Good for you for going with Alan! I know when my kids want me to do something with them, that trumps everything else I could be doing.

Anonymous said...

Wonderful post! I love the words you use to describe the countryside - you give me great phrases to use mentally, like "still stamped on the smoothly crumbled soil."

At 22, my son still seems to enjoy having me as sidekick and co-conspirator, and I love it! Yup, we'll take these days while we can.

Anonymous said...

I wouldn't have turned down the trip either. Great post.

Anonymous said...

What a great day! While packing up some calcite and hauling back a million thousand grunts worth of hay seems like the short stack of chores, it's definitely necessary and certainly worthy of some sincere thanks at the end of the day. Added to that, the consideration to share his day with you with the sights and sounds is pretty darned remarkable in my book.

The whole deal here is that the Boss and the chauffer can now say how much they did during the day, and both look at you and ask what did you do today?? LOL. It won't happen but I couldn't help but feel that you were being set up. I hope it was your day off!!!

threecollie said...

Stacy, it was really fun

NW, you have about the nicest kids around...I always liked being around them, because they are interesting thoughtful nice people.

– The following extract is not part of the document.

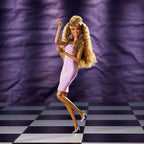 BARBIE kolekcinė Whitney Houston lėlė (JJY07)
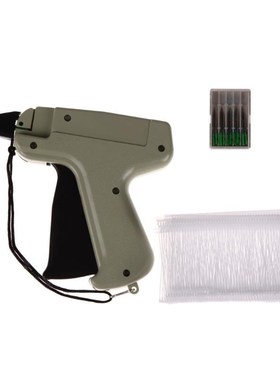 Garment Price Label Tagging Clothes Tag Gun 3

Tipper, I was glad I went. Today turned out so rainy and nasty..

Steve, it was in fact my morning off..AND I made them cookies so...(butterscotch chip)
(and besides I did so work! I helped turn out cows and bedded cows and moved hay in the manger and limed stalls and helped put the cows back in and milked them and put up calf milk and set up the clean in place washer...and laundry and dogs and and and...lol)

Freste said...

Jeebus, I'm just gonna zip my lip.
Wowwwwwwwwwwww and this is NOT even a drama day? YIPES.

Jan said...

I enjoy reading about the relationship you and Alan continue to enjoy. Mother-son relationships are treated unfairly so often. It's great to find kids and moms who find their own own ways.

threecollie said...

Steve, Ha! Just picking on you. Except for milking those are pretty much itty bitty jobs that take longer to type than to do. Setting up calf milk involves filling three one gallon Gatorade jugs with milk and putting them in the fridge...milking and bedding are a bit more, but it was indeed an easy and fun day. sorry about that.

Jan, I always wanted sons. Of course I ended up being lucky enough to get the greatest daughters you could find and we have a terrific relationship, but our boy and I have good times all the time too. He is going to make somebody a really fine husband and father some day I think

threecollie said...

Jan, I forgot to say how nice it is to "see" you getting out and about again. I hope all has gone well and that you are feeling much better!

R.Powers said...

Cool driver!
What a great day and new fish too!

threecollie said...

FC, we, or rather my brother, found a new fish store. They have really unique and colorful guppies!